Pour­rait-on nous dire, après cette énu­mé­ra­tion, où y a‑t-il place pour les « objec­teurs de conscience » en temps de guerre, en admet­tant que leur pays ait pour lui le droit ? Nulle part, à notre avis. Et il n’y a pas de milieu, on est pour ou contre la guerre. En dehors de cela, il n’y a rien.

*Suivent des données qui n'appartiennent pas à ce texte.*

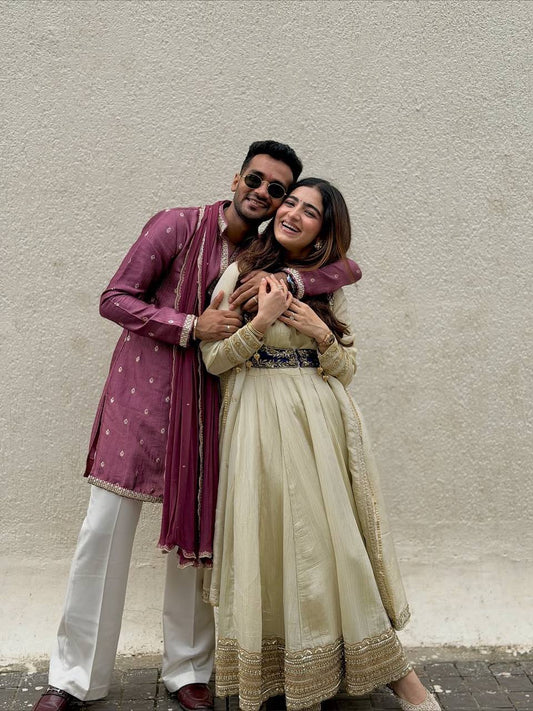 Ivory Chinon Silk Anarkali Pant Set with Embroidered Koti & Dupatta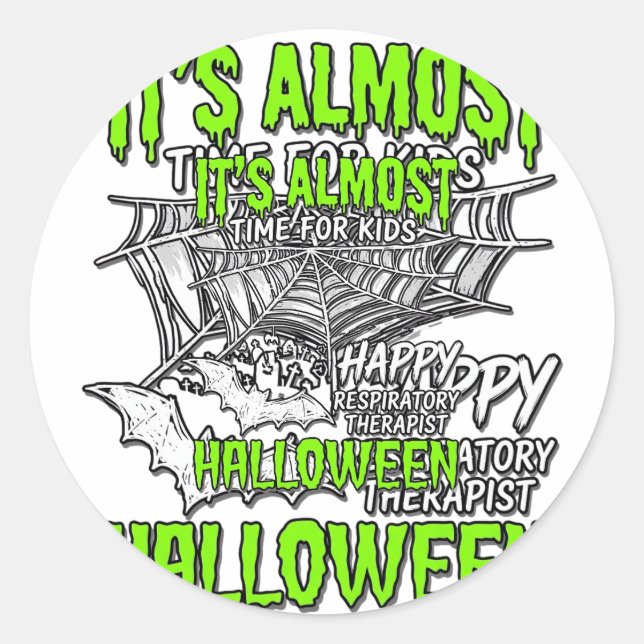 Respiratory Therapist Halloween Spider Web Design_ Classic Round Sticker (Front)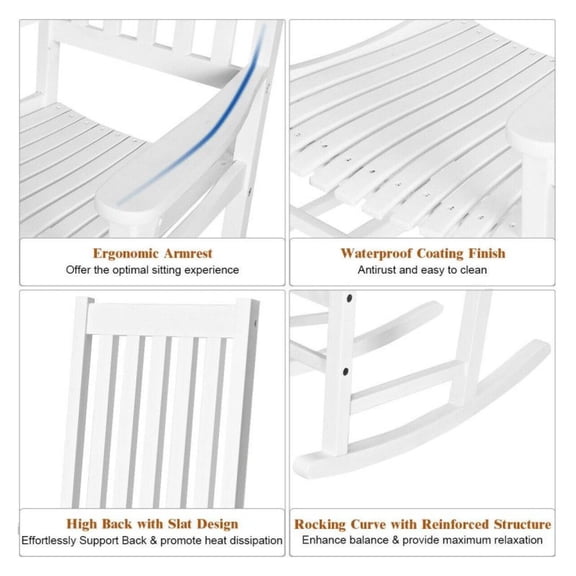 Wooden Rocking Chair - Outdoor Indoor High Back Acacia Rocker - Patio Garden Furniture - Weather Resistant & Comfortable - FSC Certified
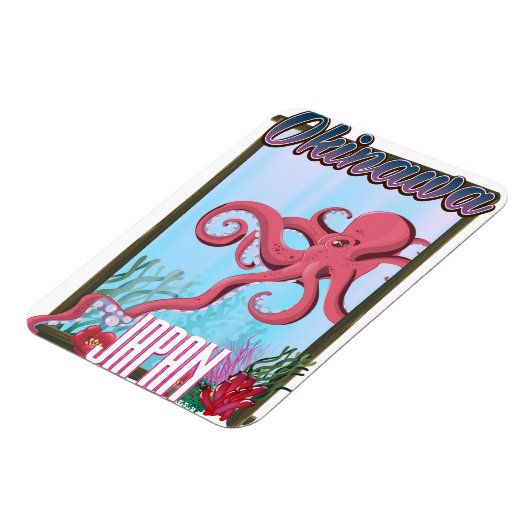 Okinawa Japan Pijlinkt reisposter Magneet (Linkerzijde)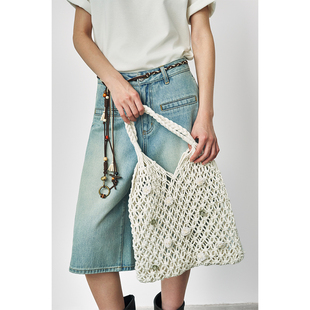 海边度假风身小巧容量巨大手提花朵镂空编织单肩包 夏季 SAME FLOW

On ne peut, non plus, être contre la guerre que d’une seule façon : En s’emparant des moyens qui per­mettent au capi­ta­lisme de faire la guerre, en tour­nant ces moyens vers la paix par la révo­lu­tion sociale, par la prise des ins­tru­ments de pro­duc­tion et d’é­change, appuyée par l’in­sur­rec­tion armée.

C’est cela que les congres­sistes de Bier­ville auraient dû décla­rer, s’ils avaient été des paci­fistes, des vrais.

Hélas ! ce ne sont que des paci­fistes du temps de paix, qui aspirent à deve­nir des héros de l’ar­rière ou de l’a­vant plu­tôt l’ar­rière que de l’a­vant — si la guerre, une fois de plus — et c’est presque cer­tain — dévas­tait le monde à brève échéance.

Congrès de Bier­ville, Confé­rences de Locar­no, Tri­bu­nal de la Haye, autant de dupe­ries, de fou­taises à reje­ter. Pro­lé­taires, mes amis, ne comp­tez pas sur ces gens-là pour que la paix règne sur la terre, Ce sera votre œuvre, mais non la leur.